At present, the all-perovskite tandem cell PCE is 20 to 23% for four-terminal (4-T) and 17 to 21% for two-terminal (2-T) configurations (13, 15, 23, 2527). Reaching a >30% efficient all-perovskite thin-film tandem solar cell requires the low–band gap absorber to be at least 21 to 22% efficient. Thus, high-quality Sn-Pb low–band gap perovskite thin films with greater than micrometer thickness are needed to permit sufficient light harvesting, as well as several micrometer-long carrier diffusion lengths to ensure effective charge-carrier transport and extraction (21, 24). State-of-the-art low–band gap (1.2 to 1.3 eV) PSCs based on Sn-Pb mixed perovskites have reported PCEs of ~18% (1416, 18) that are lower than those of their pure-Pb counterparts (band gaps between 1.5 and 1.6 eV) with PCEs between 21 and 23% (3, 4, 6, 7), even though Sn-Pb–based perovskites have a band gap that allows a larger fraction of the solar spectrum to be absorbed.

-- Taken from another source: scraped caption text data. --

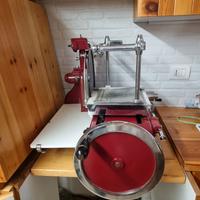 Affettatrice officine monzesi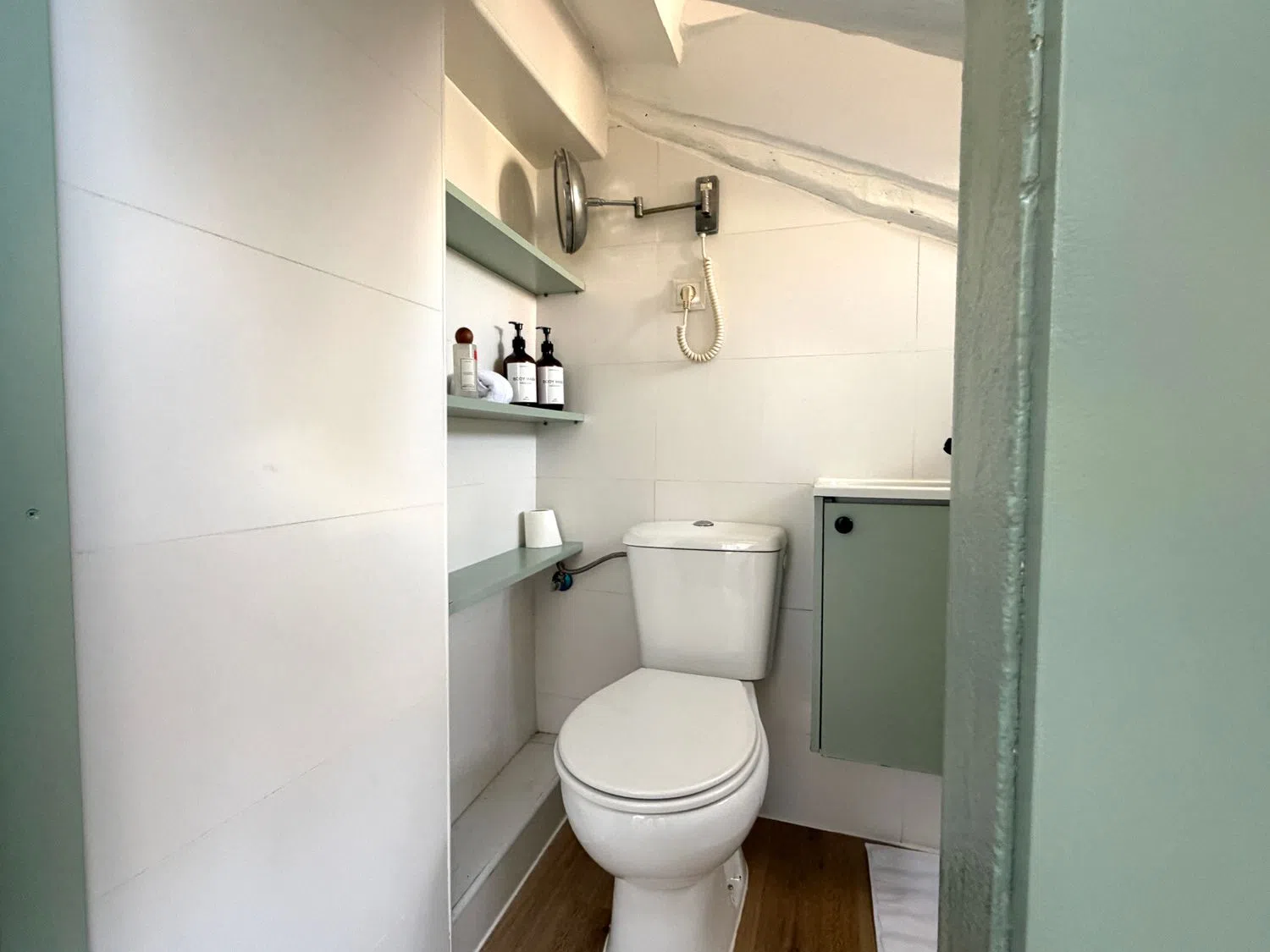 Estudio en calle El Escorial, 10 - Foto 18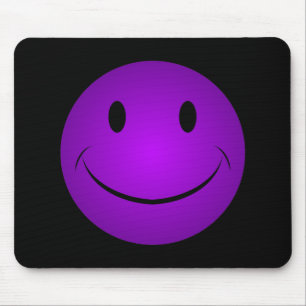 Paars Mousepad Muismat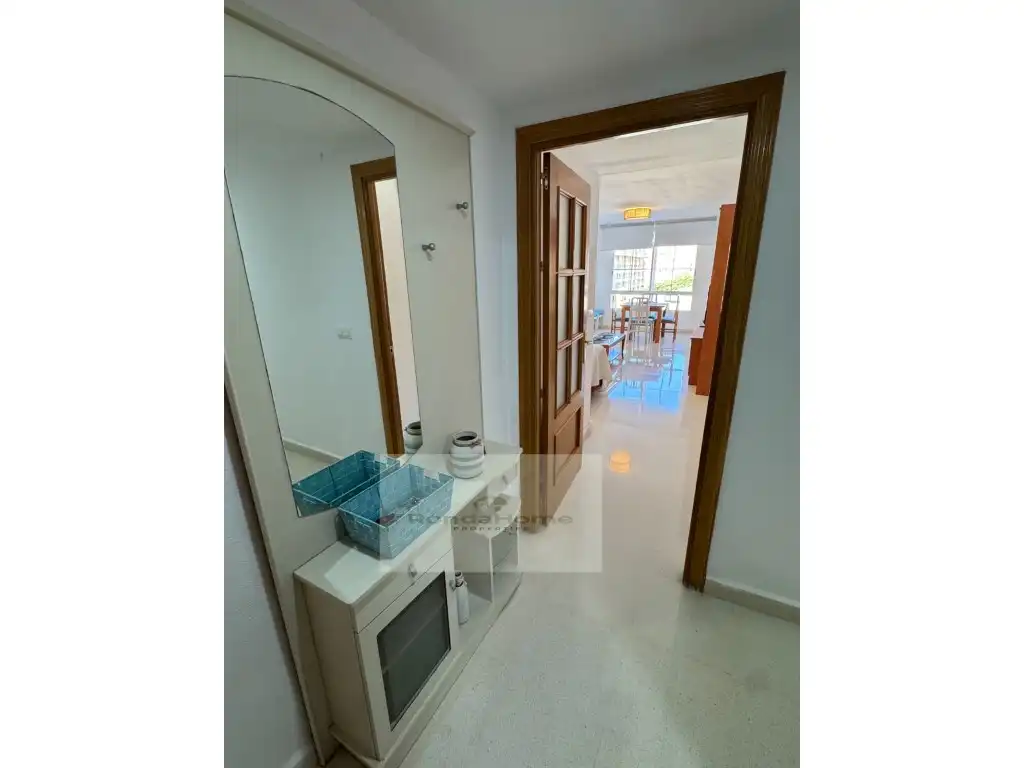 Piso de 117 m² en Málaga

The lower performance of Sn-Pb mixed low–band gap PSCs arises from both materials and device issues. The high defect density associated with Sn2+ oxidation limits carrier lifetime and charge collection, and additives such as SnF2 (28, 29), SnF2-pyrazine complex (30), or fluoroalkyl-substituted fullerene (31) have been used to suppress the defect density. It has also proven difficult to synthesize uniform, pinhole-free, Sn-based thin films because Sn-based perovskite films crystallize rapidly (32). Despite the several strategies (e.g., lattice strain, interface energetics, halide alloying) explored to improve the performance of low–band gap Sn-Pb–based PSCs (14, 16, 18), their performance in tandem PSCs has lagged behind that of their Pb counterparts.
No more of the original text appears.